Single Cell Genome Sequencing Company BioSkryb and St. Jude Children’s Research Hospital Partner to Develop Clinical Diagnostic Solutions to Identify Resistant Cancer Cells as Patients Undergo Treatment
DURHAM, N.C., June 22, 2020 /PRNewswire/ -- BioSkryb, a developer of genomic amplification technologies that deliver higher coverage and fidelity for gene sequencing, today announced that it has entered into an exclusive worldwide licensing agreement with St. Jude Children's Research Hospital, the nation's leading hospital dedicated to understanding, treating and curing childhood cancer and other life-threatening diseases. BioSkryb will use St. Jude technology to develop a first-in-class clinical diagnostic solution to detect and define heterogeneous populations of cancer cells as patients undergo treatment.
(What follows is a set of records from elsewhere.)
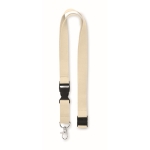 Lanyard de algodão de 20 mm com fivela e fecho Conscious Cotton cor bege segunda vista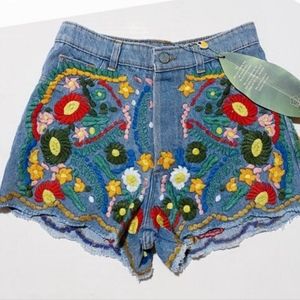 RARE Farm Rio Embroidered Shorts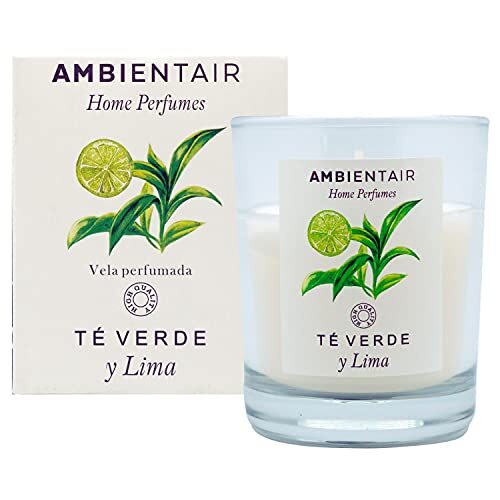 Ambientair Home Parfum Geurkaars groene thee en limoen, luchtverfrisser voor groene thee en limoen, geurkaars voor thuis, aromatherapie, kaars in glas voor binnen, 30 uur.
BioSkryb and St. Jude previously established an exclusive licensing agreement for the research-based applications of the primary template-directed amplification technology (PTA).
"With this expanded licensing agreement, we hope to use this technology developed by scientists at St. Jude to generate diagnostic solutions that provide real insights to improve cancer treatments," said Jay West, PhD, CEO and Co-founder of BioSkryb.
With the expansion of the license, BioSkryb will initiate the process of developing diagnostic solutions that take advantage of the proprietary single cell-genomic amplification approach.
The company and their early access customers have demonstrated the superior performance of PTA compared to existing genome amplification technologies. These advancements are driving the early demand for the developed suite of research-use-only products, marketed as the ResolveDNA™ product line (formerly SkrybAmp). Basic and clinical research groups have been looking for a solution that provides the improved accuracy in genome sequencing that the ResolveDNA amplification system offers using low inputs of DNA and single cells.
"I am confident that the significantly improved accuracy of single-cell genome sequencing enabled by PTA will lead to a new generation of clinical diagnostics, providing much more detailed information on the genomic changes in a tumor than what is currently available with standard sequencing approaches," said Charles Gawad MD, PhD, Associate Professor at Stanford University, BioSkryb Co-founder and the inventor of the PTA technology while at St. Jude. "The ultimate goal of the cancer clinical diagnostic is to connect genetic variation in those single cancer cells to a phenotype, such as resistance to a specific drug—with the aim of translating that into an actionable diagnostic test that will guide higher resolution precision oncology and improved outcomes for our patients."
BioSkryb will initially focus on hematologic cancers, followed by the development of similar solutions for solid tumors.